RAMA – Okay, we take it all back. Four ends in, and look what we have here.

(Ha, actually you take it all back [grin] – Ed.)

After last year’s Brier, I wrote that I liked the shot that Brad Gushue called in the seventh end. He went for it. That’s the kind of thinking and strategy one needs in a Skins Game. Forget the consequences and go for it. And right now, Gushue is going for it. He’s not only matching KMart shot for shot, he’s exceeding him. And that’s a bit of a surprise.

Thing is, people have been underestimating Brad for a long time. At the Olympic Trials, he wasn’t considered a threat. At the Brier last year, he was more a sentimental favourite than a real one.

And yet, he proved the pundits wrong. He’s proved that a team from the farthest point on the right of Canada can compete.

After four ends, we just heard Kevin Martin say: We’ve got a battle.

Fast forward …

When the seventh end of the second semi final started, this was what we thought would happen.

Martin would throw the first rock top four. He would do it because he wants to play the end wide open. If possible, he’ll peel Gushue out and force a carry over, so he could have last rock.

Martin really, really likes last rock in the last end. He’s given up money before to get it. But this is different. This is also the four rock rule – remember? And the 4RFGZ can suck rocks into play.

Because that’s not the way it played out. It was Martin throwing draws for his Skins Game Life. Two absolute pistol draws in the seventh end between two peel-weight hits for Gushue. Both going so far off script that we were beside ourselves.

We are beside ourselves, actually… myself and TCN shooter Anil Mungal are stting together. But I digress.

When the dust cleared, Martin had what we all know he wanted. Last rock in the last end with the entire game on the line.

At stake: 14K, and a trip to the final.

And like a good script, it writes itself. Experience versus rookie. Three-time champ versus guy who has been picked to be an also-ran in and Olympic Trial, a Brier and now the skins game.

I’m not sure if it was like this on your HDTV, but it was so quiet during the eighth end that I was afraid to type this.
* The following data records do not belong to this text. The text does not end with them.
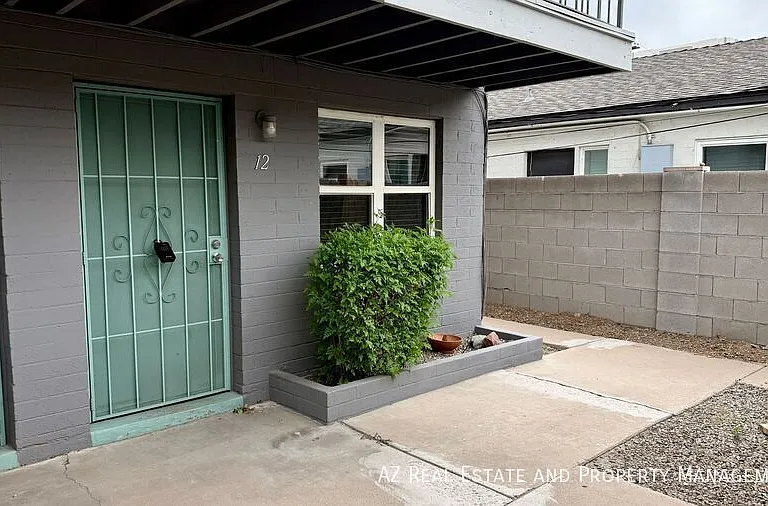 829 N 4th Ave #12 — Photo 8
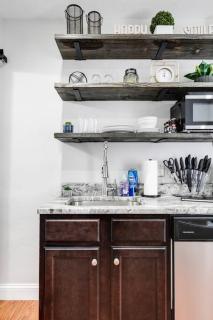 Charming, Happy 1-Bed Oasis: RVA Retreat Awaits! - Richmond - 1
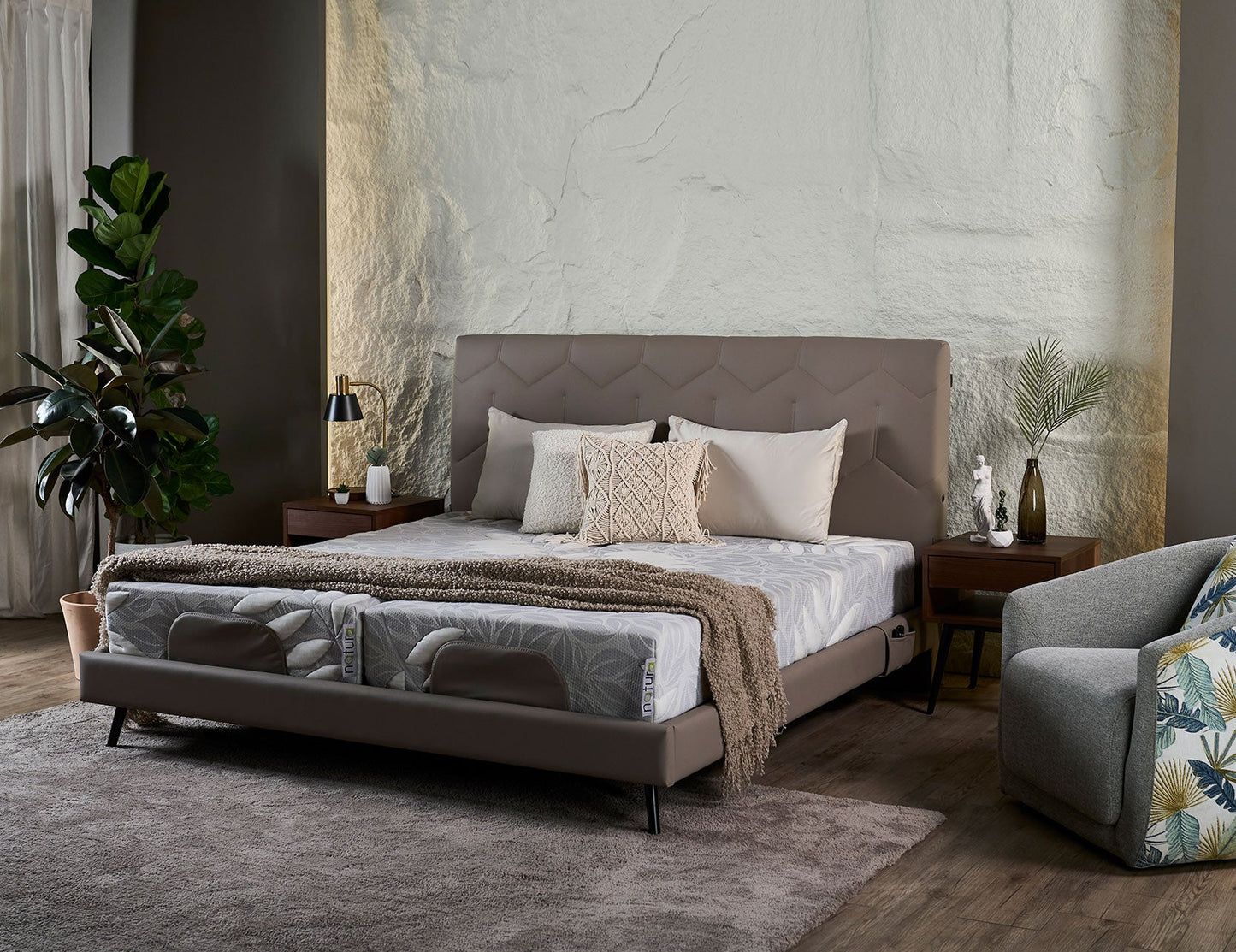 Lit réglable DRIFT + matelas Natura et ports USB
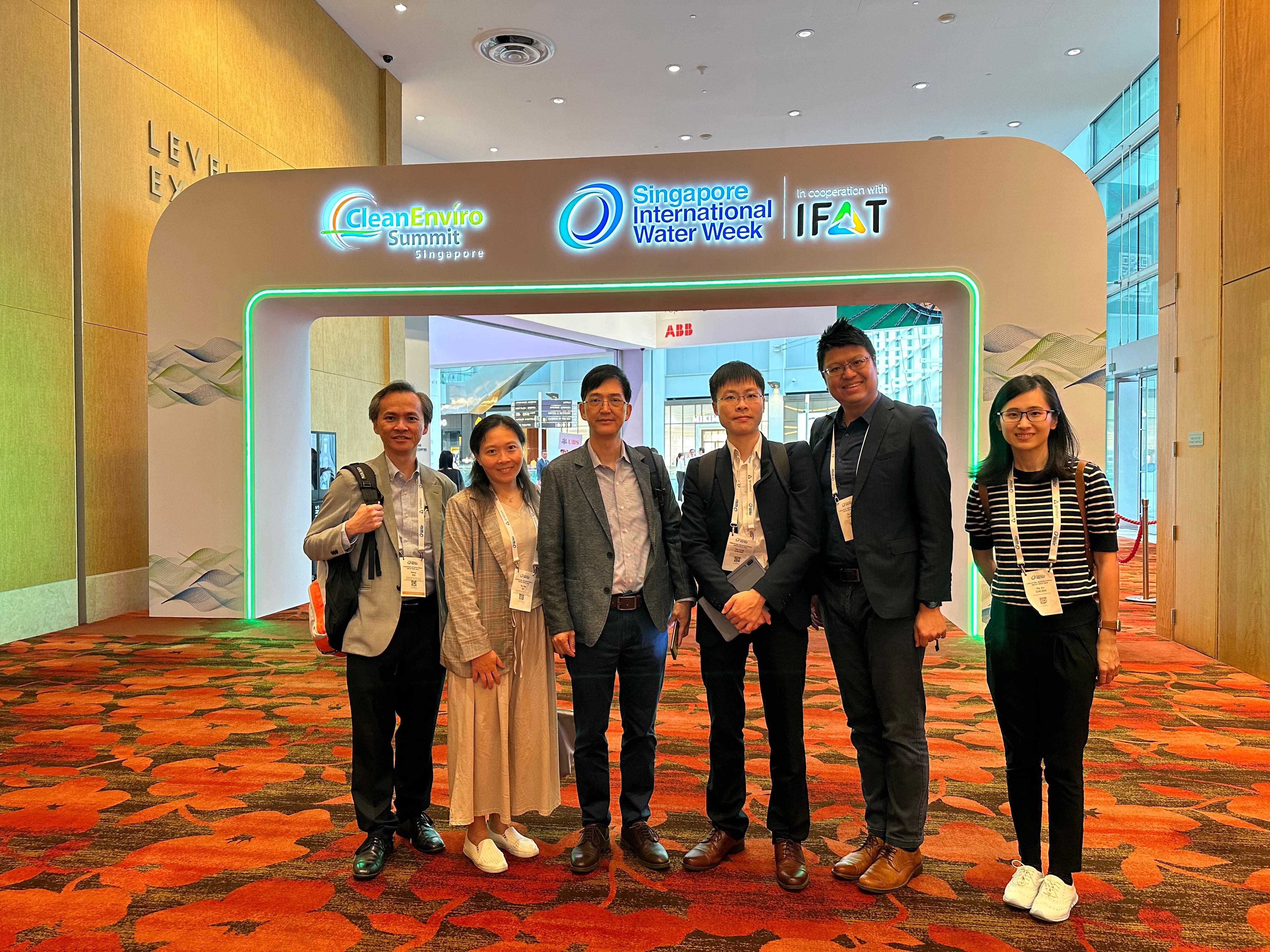 渠務署助理署長劉勝昌先生(左三)帶領渠務署考察團出席於新加坡濱海灣的金沙會展中心舉行的2024年新加坡國際水周。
The tension was so thick you could have cut it with a Jack of Clubs, or at least a casino chip. KMart makes a peel weight double that has the crowd thinking it’s over. But then Gushue papers a guard and buries one in the back four, forcing Martin to a draw to the button.
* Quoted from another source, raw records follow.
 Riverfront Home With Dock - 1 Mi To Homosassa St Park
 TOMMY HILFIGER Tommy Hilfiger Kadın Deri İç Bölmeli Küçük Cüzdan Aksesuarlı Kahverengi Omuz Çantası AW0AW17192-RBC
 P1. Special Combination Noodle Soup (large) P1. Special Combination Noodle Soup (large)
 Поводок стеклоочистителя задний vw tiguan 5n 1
Then they had to do it all over again.

Draw the nut. The pin hole. The button. For the whole ball game.

To recap, Martin won the first skin. He stole it. From then on in, he didn’t get another skin. Actually, he didn’t really have another chance at a skin. It was all Gushue. And yet, the beauty of the skins game is simply this: it can come down to whoever is closest to the pin hole.

Martin starts and covers the pin. Then Gushue throws and comes up short.

I don’t think this answers the question of whether you want hammer in the last end or not. But one thing is for sure. Going first helps.